WHAT NEEDS TO BE DONE:
Could you retype exactly the line containing "Rio Century Stoneware Plates - image 3 of 5" and every line after it in the data below, leaving out the pictures?

DATA IN THIS EXERCISE:

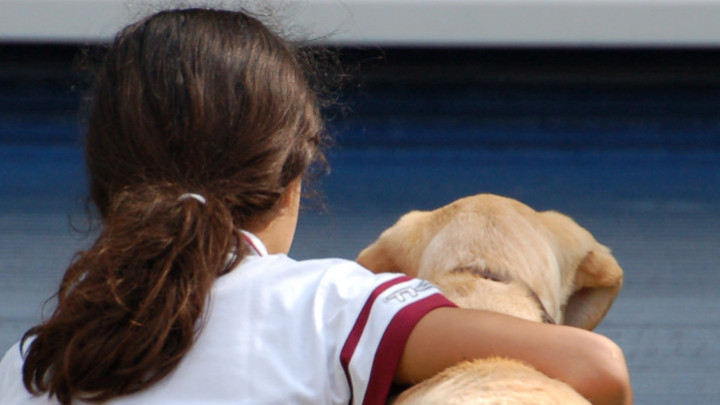kind op de rug gezien naast een blonde labrador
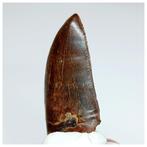 Dinosaurus - Fossiele tand - Gem Grade Black, Collections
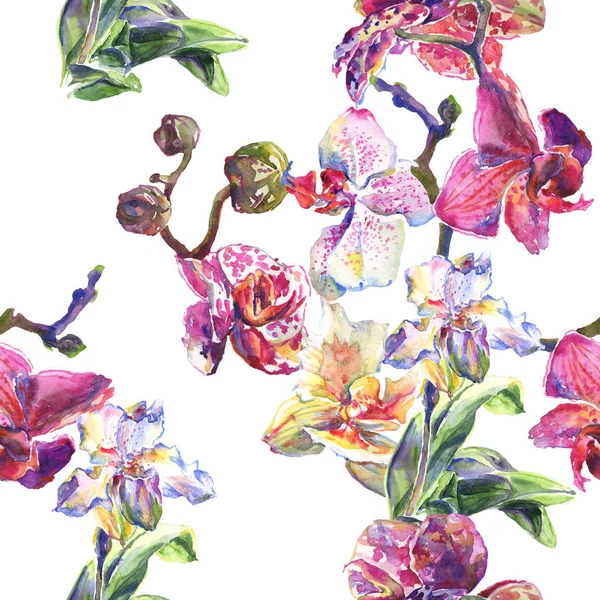 Fleurs botaniques florales d'orchidée. Ensemble d'illustration de fond aquarelle. Modèle de fond sans couture . — Photo de stock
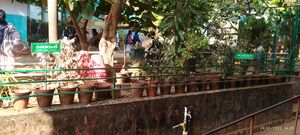 20003 Herbal garden.jpg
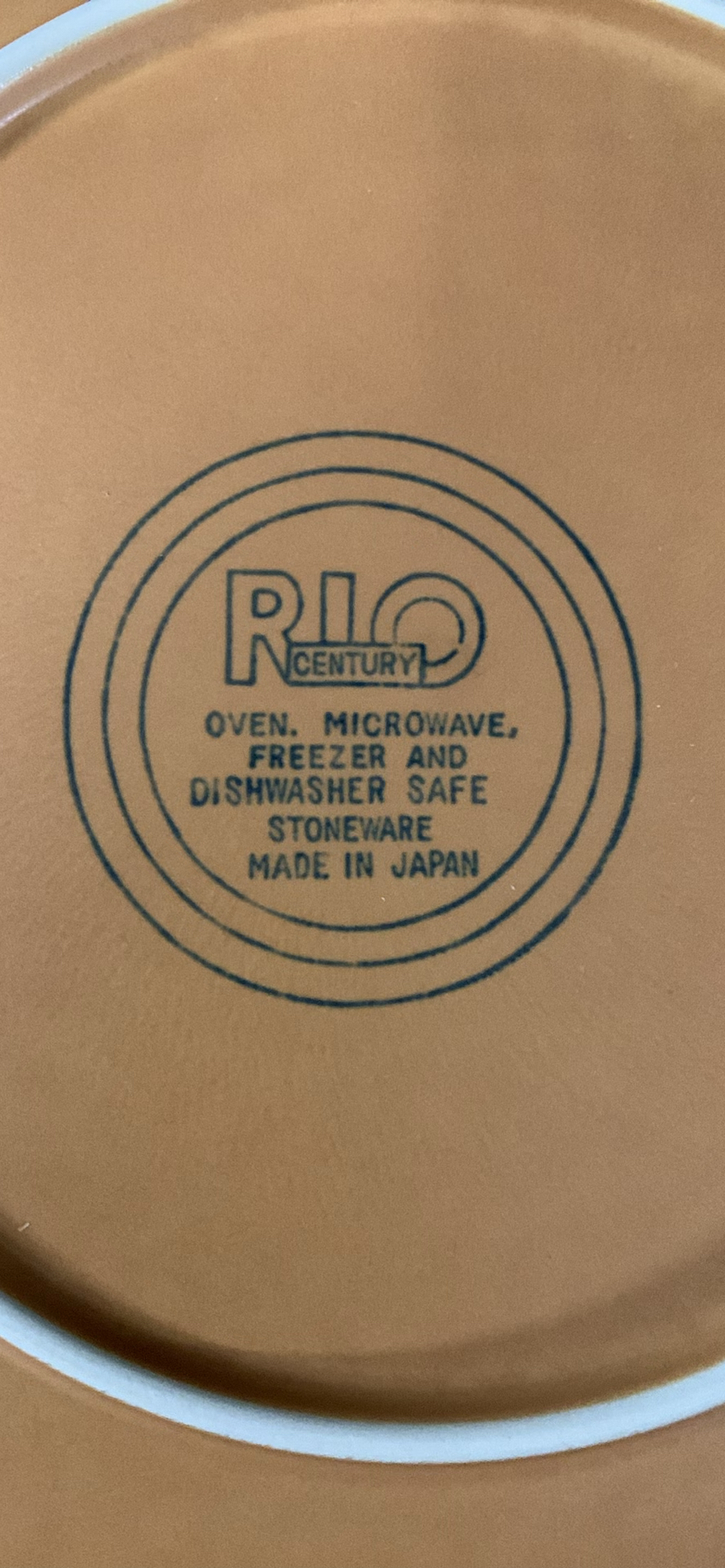 Rio Century Stoneware Plates - image 3 of 5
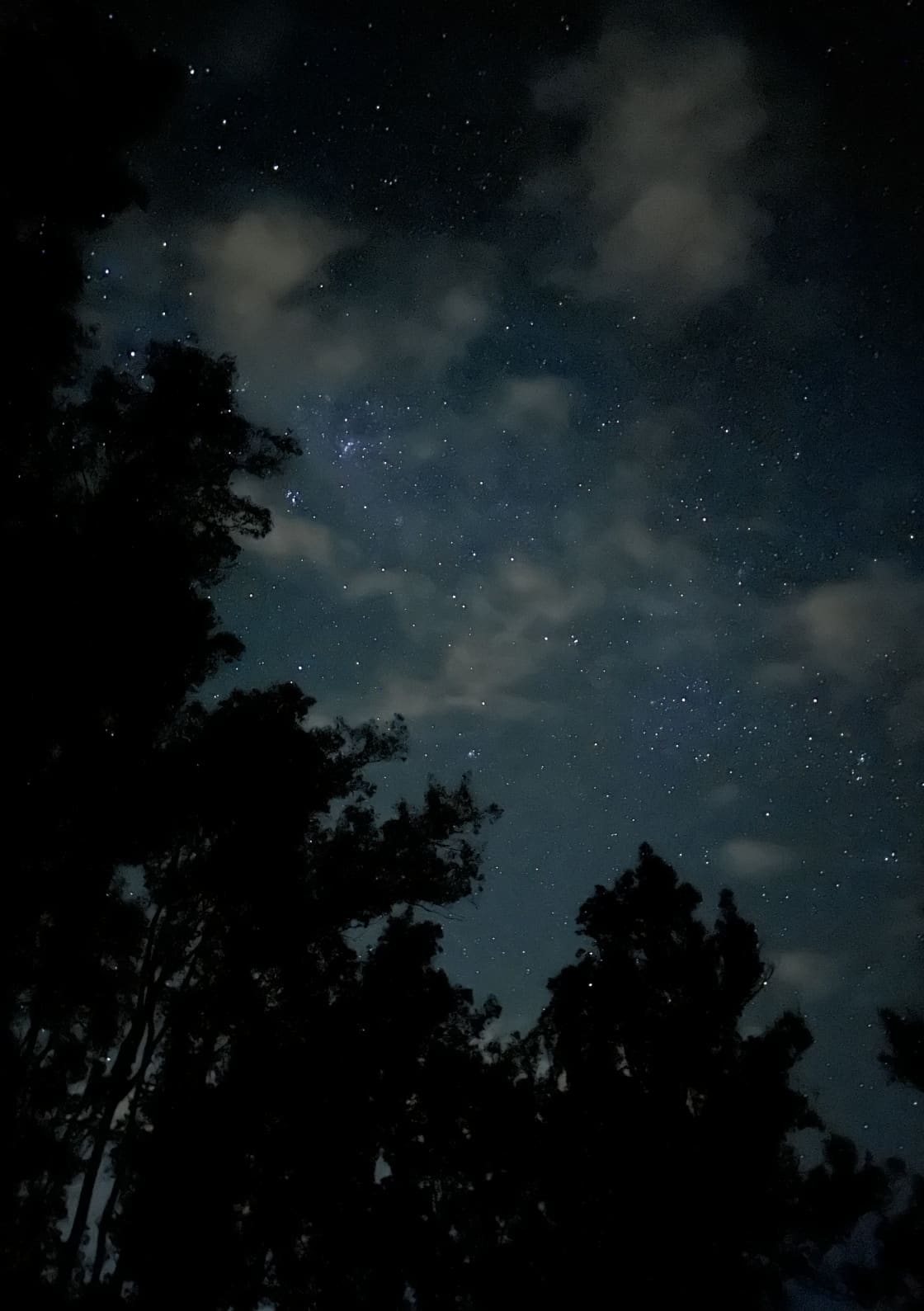 Stargazers night sky!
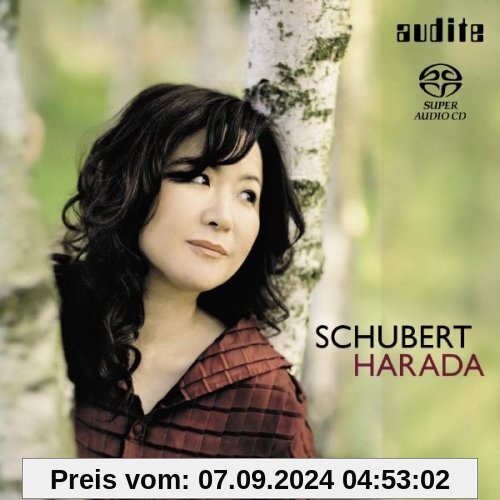 Wanderer-Fantasie/Sonate 21 B-Dur D 960 von Hideyo Harada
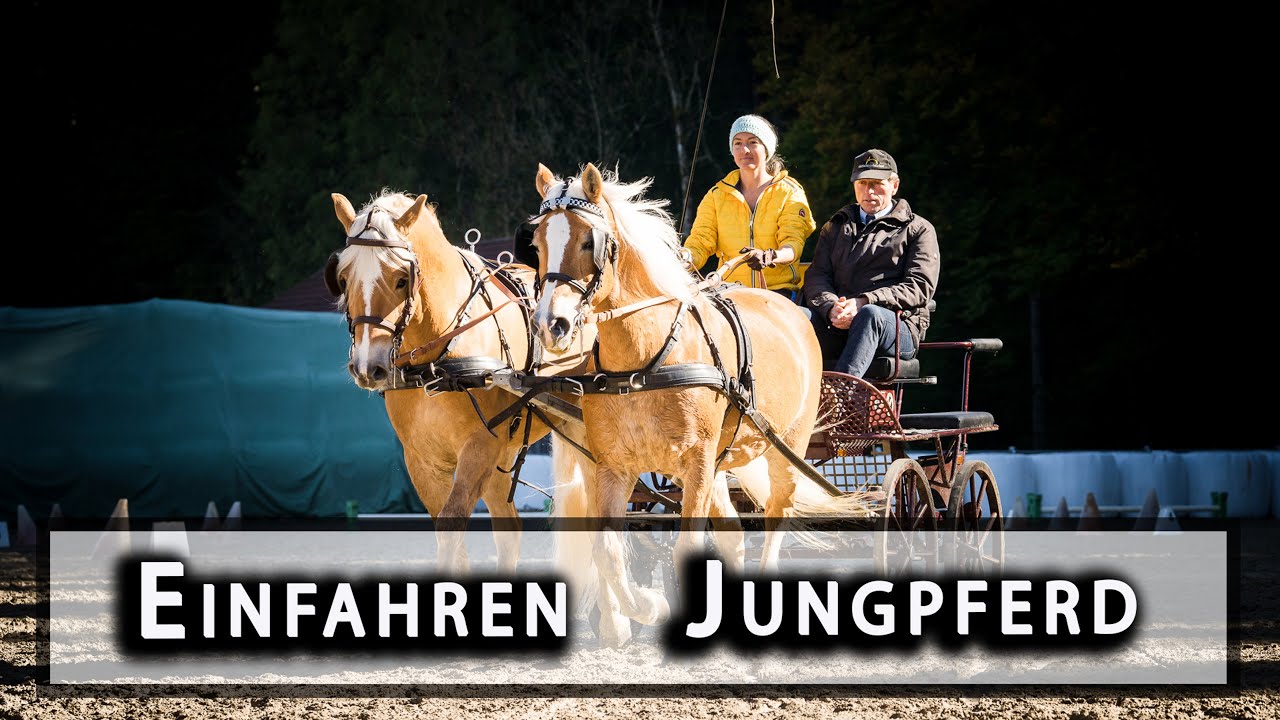 Kutsche fahren - Pferd einfahren & Erstes Mal Schleppen | 😃🐴😍 Folge 33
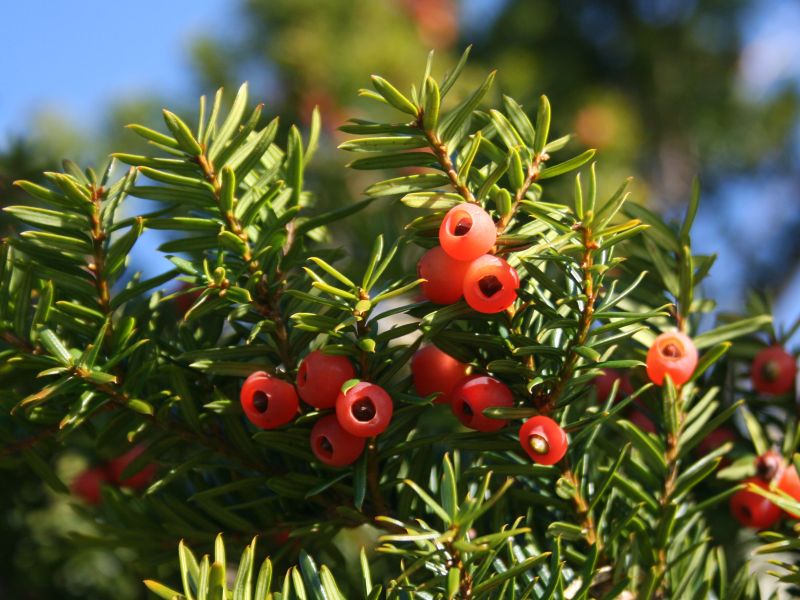 파일:Taxus cuspidata fruits.JPG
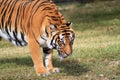 Tiger intense stare Royalty Free Stock Photo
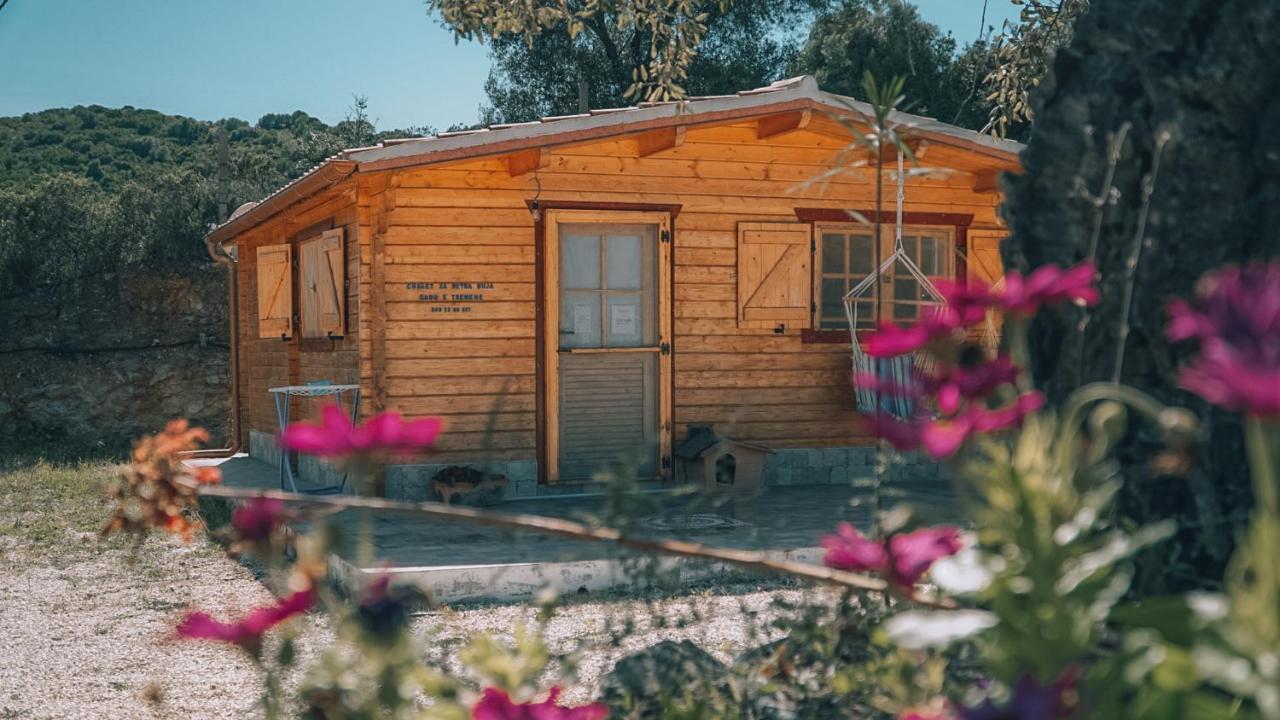 Chalet Sa Petra Ruja - Gadu E Tremene Siniscola Buitenkant foto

SOLUTION FOR THIS PROBLEM:
 Rio Century Stoneware Plates - image 3 of 5
 Stargazers night sky!
 Wanderer-Fantasie/Sonate 21 B-Dur D 960 von Hideyo Harada
 Kutsche fahren - Pferd einfahren & Erstes Mal Schleppen | 😃🐴😍 Folge 33
 파일:Taxus cuspidata fruits.JPG
 Tiger intense stare Royalty Free Stock Photo
 Chalet Sa Petra Ruja - Gadu E Tremene Siniscola Buitenkant foto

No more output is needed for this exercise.